Information contained in this publication is intended for informational purposes only and does not constitute legal advice or opinion, nor is it a substitute for the professional judgment of an attorney.
In 2020, the Workplace Safety and Insurance Appeals Tribunal (WSIAT) confirmed that when a claim for constructive dismissal is based on harm sustained due to harassment and bullying in the workplace, the claim falls within section 13(4) of Workplace Safety and Insurance Act (WSIA), which entitles the claimant to benefits under the insurance plan for chronic and traumatic stress. Decision No. 1227/19, 2019 ONWSIAT 2324 (Decision No. 1227/19). Accordingly, the WSIAT decided that the right to bring a civil action in constructive dismissal against an employer for the same conduct and to claim related damages is barred by statute.
Recently, however, the Ontario Divisional Court in Morningstar v. WSIAT, 2021 ONSC 5576 (Morningstar) judicially reviewed Decision No. 1227/19 and Decision No. 1227/19R, which reconsidered and upheld the original decision. In Morningstar, the court reasoned that the WSIAT unreasonably barred the applicant’s action for constructive dismissal and related damages, and quashed the portions of both the WSIAT’s original and reconsideration decisions that disallowed these claims.
After filing an application with the Human Rights Tribunal of Ontario (HRTO) alleging discrimination, bullying, and harassment in employment because of sex and disability, the employee resigned claiming that she had been constructively dismissed. She then commenced a civil claim seeking punitive, aggravated and/or moral damages for the employer’s breach of the Occupational Health and Safety Act due to “bullying, harassment and the creation of a poisoned work environment and/or the tort of harassment.” The employee’s HRTO application was dismissed on the ground that the civil claim raised substantially the same allegations and sought damages for the same violations.1
Original WSIAT Decision (Decision No. 1227/19)

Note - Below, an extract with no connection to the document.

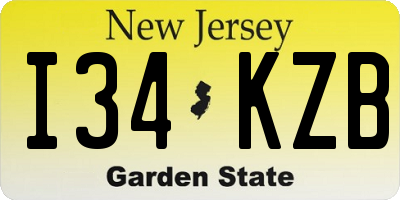 NJ license plate I34KZB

The employer filed a “right to sue” application under s. 31 of WSIA seeking a declaration that the employee’s right to bring a civil action against it was barred by s. 13(4) of WSIA, which, as noted above, provides entitlement to workers’ compensation benefits for chronic and traumatic stress. In Decision No. 1227/19, WSIAT decided in favour of the employer.
Reconsideration (Decision No. 1227/19R)
The employee sought a reconsideration of Decision No. 1227/19. The resulting decision, Decision No. 1227/19R, upheld the WSIAT’s initial conclusion.
The employee sought judicial review in the Ontario Divisional Court of both the original WSIAT decision and its reconsideration, conceding that WSIA properly barred her claims relating to injury, but arguing that the WSIAT had incorrectly barred her claim for constructive dismissal.
In Morningstar, the court sided with the employee, holding that the WSIAT unreasonably barred her action for constructive dismissal and claims for related aggravated, moral and punitive damages. The court quashed the portions of both Decision No. 1227/19 and Decision No. 1227/19R that barred them from proceeding.
Although the court recognized the “historic trade-off” that is the foundation for the statutory bar in the WSIA (for workers, a streamlined scheme of compensation for workplace accidents, but freedom from lawsuits for employers), it emphasized that while the WSIA properly bars an action for personal injury, it was unreasonable to bar a claim for constructive dismissal only because the facts relating to it incidentally support an action for personal injury. To do so would ignore Canadian law, which allows different causes of action to be advanced based on the same facts.
The court also emphasized that the purpose of the broad wording of the restriction is to spot personal injury claims disguised as other claims, and to prohibit them from proceeding; the intention of the restriction is not to prohibit a bona fide non-personal injury claim such as a constructive dismissal claim, for which WSIA offers no compensation, merely because the facts relating to it happen to support an action for personal injury. The court held that the employee’s constructive dismissal action and her claims for aggravated, moral, and punitive damages should be permitted to proceed.
Bottom Line for Employers
Employers that wish to assert that an employee’s claim is statute-barred under WSIA, are encouraged to focus on the nature of the damages and the remedy sought. If the damages claimed are not for a personal injury, and the remedy could not be awarded under the WSIA, it may be difficult for employers to successfully bring a s. 31 application to obtain a declaration that the claim is statute-barred. Given the court’s holding in Morningstar, this difficulty may exist in respect of a civil claim for constructive dismissal and related aggravated, moral and punitive damages stemming from allegations that an employee has been bullied and harassed by coworkers and/or managers in the workplace. This could change, however, if Morningstar is successfully appealed; we will report on any such developments that may transpire. In the meantime, employers are encouraged to seek the assistance of experienced employment counsel to determine whether a s. 31 application to obtain a declaration that a claim is statute-barred under WSIA can be made.
1 See: Morningstar v. Hospitality Fallsview Holding Inc. (o/a Hilton Fallsview), 2019 HRTO 1222.